***** Source data

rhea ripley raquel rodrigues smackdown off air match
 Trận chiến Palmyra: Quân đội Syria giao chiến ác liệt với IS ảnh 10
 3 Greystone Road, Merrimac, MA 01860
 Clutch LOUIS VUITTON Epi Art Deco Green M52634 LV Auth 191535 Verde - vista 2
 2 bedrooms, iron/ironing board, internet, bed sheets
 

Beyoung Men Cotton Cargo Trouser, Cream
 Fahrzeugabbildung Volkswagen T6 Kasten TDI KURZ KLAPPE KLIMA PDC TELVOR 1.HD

**********

▶ [Exercise brief]
Only these lines should appear in the reply: the one containing "Clutch LOUIS VUITTON", the last line of the data, and all lines between them, each copied exactly.

▶ [Task answer]
 Clutch LOUIS VUITTON Epi Art Deco Green M52634 LV Auth 191535 Verde - vista 2
 2 bedrooms, iron/ironing board, internet, bed sheets
 

Beyoung Men Cotton Cargo Trouser, Cream
 Fahrzeugabbildung Volkswagen T6 Kasten TDI KURZ KLAPPE KLIMA PDC TELVOR 1.HD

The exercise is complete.